■ **INPUT DATA**
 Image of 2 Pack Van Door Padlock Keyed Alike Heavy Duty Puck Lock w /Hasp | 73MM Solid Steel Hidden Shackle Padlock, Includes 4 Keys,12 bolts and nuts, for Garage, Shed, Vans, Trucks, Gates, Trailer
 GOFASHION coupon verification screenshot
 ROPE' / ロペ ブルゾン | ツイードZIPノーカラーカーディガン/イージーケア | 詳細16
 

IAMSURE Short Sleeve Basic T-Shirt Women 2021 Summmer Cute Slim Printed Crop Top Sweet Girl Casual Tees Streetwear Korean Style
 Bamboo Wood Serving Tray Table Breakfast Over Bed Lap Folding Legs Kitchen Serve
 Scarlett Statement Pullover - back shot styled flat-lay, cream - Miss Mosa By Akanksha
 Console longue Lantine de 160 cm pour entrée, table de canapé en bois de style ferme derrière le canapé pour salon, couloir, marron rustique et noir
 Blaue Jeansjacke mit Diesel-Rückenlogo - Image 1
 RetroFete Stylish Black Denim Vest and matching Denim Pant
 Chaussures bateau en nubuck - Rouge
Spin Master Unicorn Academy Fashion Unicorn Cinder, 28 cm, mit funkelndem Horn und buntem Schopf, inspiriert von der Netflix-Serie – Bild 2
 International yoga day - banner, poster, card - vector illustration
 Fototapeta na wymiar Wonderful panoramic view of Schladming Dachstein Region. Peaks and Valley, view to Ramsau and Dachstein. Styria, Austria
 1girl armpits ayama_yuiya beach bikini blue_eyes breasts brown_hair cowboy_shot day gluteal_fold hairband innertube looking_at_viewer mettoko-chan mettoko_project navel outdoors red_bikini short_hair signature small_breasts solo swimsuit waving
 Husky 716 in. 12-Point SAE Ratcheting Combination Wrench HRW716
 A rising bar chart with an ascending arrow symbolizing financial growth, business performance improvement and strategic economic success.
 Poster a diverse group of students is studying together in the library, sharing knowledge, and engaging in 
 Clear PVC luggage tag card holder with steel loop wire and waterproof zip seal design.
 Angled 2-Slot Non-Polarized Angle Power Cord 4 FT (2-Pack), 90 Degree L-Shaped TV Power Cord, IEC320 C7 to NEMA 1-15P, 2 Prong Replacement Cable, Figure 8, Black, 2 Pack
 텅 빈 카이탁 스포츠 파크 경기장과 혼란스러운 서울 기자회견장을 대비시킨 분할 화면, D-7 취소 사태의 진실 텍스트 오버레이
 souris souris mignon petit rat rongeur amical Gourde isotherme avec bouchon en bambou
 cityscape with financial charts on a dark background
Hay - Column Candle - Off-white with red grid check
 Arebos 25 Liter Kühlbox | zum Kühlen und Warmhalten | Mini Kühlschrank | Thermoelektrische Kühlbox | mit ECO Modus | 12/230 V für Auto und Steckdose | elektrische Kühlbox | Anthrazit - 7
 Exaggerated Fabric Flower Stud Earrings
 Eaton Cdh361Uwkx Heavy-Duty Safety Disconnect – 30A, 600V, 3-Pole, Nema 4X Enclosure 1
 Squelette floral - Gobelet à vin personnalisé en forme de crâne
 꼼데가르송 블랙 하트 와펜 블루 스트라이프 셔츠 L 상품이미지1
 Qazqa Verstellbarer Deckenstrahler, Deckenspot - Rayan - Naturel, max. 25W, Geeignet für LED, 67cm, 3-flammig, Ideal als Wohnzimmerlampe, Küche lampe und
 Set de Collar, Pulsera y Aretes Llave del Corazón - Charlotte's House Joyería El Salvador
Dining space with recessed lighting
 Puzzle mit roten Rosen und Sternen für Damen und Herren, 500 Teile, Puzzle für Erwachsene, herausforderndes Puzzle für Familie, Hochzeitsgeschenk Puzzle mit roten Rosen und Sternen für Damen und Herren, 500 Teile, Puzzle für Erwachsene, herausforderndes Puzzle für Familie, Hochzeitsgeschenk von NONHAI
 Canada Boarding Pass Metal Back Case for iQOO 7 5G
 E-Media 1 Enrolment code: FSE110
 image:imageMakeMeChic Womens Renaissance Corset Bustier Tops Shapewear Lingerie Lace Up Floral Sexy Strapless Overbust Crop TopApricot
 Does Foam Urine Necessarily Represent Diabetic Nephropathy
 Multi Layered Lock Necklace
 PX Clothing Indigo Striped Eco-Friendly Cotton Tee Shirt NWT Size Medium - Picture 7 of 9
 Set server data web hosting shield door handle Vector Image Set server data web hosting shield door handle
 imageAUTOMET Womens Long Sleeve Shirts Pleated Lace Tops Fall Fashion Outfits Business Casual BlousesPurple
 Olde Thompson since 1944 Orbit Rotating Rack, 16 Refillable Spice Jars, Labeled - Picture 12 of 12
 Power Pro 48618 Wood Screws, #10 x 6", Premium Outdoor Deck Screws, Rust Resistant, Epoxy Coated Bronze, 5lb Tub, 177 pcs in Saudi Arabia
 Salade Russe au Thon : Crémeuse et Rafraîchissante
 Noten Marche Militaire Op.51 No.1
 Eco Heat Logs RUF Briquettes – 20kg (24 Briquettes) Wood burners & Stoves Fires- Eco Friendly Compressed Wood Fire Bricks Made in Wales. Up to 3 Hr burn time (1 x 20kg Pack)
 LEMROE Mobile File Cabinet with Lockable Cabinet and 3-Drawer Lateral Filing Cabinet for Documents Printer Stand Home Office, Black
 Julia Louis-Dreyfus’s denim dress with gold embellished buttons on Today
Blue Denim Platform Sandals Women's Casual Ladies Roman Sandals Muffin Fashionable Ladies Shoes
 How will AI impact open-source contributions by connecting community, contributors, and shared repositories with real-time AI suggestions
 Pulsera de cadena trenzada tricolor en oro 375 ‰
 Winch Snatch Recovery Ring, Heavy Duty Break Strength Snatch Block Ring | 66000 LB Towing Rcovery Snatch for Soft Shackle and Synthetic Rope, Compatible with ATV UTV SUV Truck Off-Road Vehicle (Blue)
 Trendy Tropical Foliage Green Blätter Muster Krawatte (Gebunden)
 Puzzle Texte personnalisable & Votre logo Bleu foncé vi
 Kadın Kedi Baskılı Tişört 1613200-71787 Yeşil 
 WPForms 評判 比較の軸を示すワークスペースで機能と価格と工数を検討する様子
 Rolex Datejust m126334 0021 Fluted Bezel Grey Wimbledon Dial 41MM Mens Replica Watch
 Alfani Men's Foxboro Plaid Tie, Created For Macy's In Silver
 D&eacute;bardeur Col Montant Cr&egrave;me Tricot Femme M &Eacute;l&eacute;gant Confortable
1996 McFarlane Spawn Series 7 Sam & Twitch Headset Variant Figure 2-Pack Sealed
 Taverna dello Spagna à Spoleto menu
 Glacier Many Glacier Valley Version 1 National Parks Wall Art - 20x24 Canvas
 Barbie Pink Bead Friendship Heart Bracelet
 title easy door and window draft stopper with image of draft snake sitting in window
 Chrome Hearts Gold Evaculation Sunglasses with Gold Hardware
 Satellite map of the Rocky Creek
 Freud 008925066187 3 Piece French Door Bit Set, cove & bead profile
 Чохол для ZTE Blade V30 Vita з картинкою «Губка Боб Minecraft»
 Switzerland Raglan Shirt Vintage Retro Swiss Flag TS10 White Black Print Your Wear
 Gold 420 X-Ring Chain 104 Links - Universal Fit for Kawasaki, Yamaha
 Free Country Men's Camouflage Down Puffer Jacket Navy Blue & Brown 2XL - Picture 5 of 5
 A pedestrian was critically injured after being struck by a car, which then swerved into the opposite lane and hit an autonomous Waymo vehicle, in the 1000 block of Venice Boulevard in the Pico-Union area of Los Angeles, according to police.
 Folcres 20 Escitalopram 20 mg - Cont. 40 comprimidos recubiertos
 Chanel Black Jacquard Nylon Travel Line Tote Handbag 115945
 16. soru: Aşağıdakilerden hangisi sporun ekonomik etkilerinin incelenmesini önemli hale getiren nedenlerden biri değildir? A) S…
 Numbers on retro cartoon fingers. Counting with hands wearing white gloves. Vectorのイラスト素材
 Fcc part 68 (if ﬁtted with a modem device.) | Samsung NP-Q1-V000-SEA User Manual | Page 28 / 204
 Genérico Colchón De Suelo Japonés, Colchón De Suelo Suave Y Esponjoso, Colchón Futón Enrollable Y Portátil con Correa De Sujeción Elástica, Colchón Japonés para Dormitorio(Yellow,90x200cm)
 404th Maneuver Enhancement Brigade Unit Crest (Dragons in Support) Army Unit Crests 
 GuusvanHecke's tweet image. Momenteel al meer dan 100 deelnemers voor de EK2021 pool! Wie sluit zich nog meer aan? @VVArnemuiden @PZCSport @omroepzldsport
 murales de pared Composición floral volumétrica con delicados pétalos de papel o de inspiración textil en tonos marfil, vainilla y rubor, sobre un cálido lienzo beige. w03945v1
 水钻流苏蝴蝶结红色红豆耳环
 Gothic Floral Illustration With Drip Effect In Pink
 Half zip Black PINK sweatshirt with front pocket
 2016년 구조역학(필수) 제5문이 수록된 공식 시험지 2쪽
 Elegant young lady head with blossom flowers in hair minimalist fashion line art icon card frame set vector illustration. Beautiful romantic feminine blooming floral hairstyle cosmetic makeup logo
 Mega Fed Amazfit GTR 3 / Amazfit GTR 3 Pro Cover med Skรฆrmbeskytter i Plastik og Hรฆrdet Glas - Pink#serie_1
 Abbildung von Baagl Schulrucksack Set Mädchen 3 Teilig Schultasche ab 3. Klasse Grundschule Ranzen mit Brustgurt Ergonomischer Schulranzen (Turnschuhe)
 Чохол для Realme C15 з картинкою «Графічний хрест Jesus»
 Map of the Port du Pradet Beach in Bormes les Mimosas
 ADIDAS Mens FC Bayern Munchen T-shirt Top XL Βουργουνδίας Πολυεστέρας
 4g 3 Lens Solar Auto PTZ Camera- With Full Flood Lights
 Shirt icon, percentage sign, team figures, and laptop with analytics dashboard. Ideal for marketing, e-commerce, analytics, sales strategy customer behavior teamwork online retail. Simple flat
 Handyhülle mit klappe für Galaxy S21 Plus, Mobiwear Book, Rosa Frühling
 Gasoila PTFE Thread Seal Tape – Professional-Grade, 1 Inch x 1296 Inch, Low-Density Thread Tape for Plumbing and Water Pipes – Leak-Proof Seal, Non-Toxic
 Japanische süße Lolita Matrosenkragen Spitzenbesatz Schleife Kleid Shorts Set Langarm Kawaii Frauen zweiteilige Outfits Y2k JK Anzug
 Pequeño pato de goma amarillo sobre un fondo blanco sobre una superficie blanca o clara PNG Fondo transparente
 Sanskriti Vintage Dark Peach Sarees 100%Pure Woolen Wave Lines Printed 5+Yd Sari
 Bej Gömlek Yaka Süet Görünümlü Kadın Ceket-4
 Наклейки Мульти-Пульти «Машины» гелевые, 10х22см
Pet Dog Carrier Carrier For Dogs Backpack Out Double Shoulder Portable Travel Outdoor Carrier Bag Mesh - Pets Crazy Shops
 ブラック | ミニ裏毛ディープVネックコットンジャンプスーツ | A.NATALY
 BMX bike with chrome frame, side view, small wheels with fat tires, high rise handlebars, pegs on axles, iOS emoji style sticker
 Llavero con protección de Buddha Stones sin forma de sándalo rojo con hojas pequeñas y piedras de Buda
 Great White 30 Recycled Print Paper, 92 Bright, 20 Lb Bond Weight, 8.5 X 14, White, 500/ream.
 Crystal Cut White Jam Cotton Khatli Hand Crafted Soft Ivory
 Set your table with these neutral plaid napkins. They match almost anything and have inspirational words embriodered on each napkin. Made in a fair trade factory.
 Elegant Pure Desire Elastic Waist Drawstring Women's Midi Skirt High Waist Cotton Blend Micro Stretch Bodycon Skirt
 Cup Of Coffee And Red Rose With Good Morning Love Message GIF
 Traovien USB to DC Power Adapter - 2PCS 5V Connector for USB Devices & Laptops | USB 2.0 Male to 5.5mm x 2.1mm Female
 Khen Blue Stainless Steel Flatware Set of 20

■ **TRY IT**
Please write out, exactly as they appear above, only the lines in the stretch from the line with "Freud 008925066187 3" through the line with "404th Maneuver Enhancement".

■ **RESPONSE TO THE TASK**
 Freud 008925066187 3 Piece French Door Bit Set, cove & bead profile
 Чохол для ZTE Blade V30 Vita з картинкою «Губка Боб Minecraft»
 Switzerland Raglan Shirt Vintage Retro Swiss Flag TS10 White Black Print Your Wear
 Gold 420 X-Ring Chain 104 Links - Universal Fit for Kawasaki, Yamaha
 Free Country Men's Camouflage Down Puffer Jacket Navy Blue & Brown 2XL - Picture 5 of 5
 A pedestrian was critically injured after being struck by a car, which then swerved into the opposite lane and hit an autonomous Waymo vehicle, in the 1000 block of Venice Boulevard in the Pico-Union area of Los Angeles, according to police.
 Folcres 20 Escitalopram 20 mg - Cont. 40 comprimidos recubiertos
 Chanel Black Jacquard Nylon Travel Line Tote Handbag 115945
 16. soru: Aşağıdakilerden hangisi sporun ekonomik etkilerinin incelenmesini önemli hale getiren nedenlerden biri değildir? A) S…
 Numbers on retro cartoon fingers. Counting with hands wearing white gloves. Vectorのイラスト素材
 Fcc part 68 (if ﬁtted with a modem device.) | Samsung NP-Q1-V000-SEA User Manual | Page 28 / 204
 Genérico Colchón De Suelo Japonés, Colchón De Suelo Suave Y Esponjoso, Colchón Futón Enrollable Y Portátil con Correa De Sujeción Elástica, Colchón Japonés para Dormitorio(Yellow,90x200cm)
 404th Maneuver Enhancement Brigade Unit Crest (Dragons in Support) Army Unit Crests 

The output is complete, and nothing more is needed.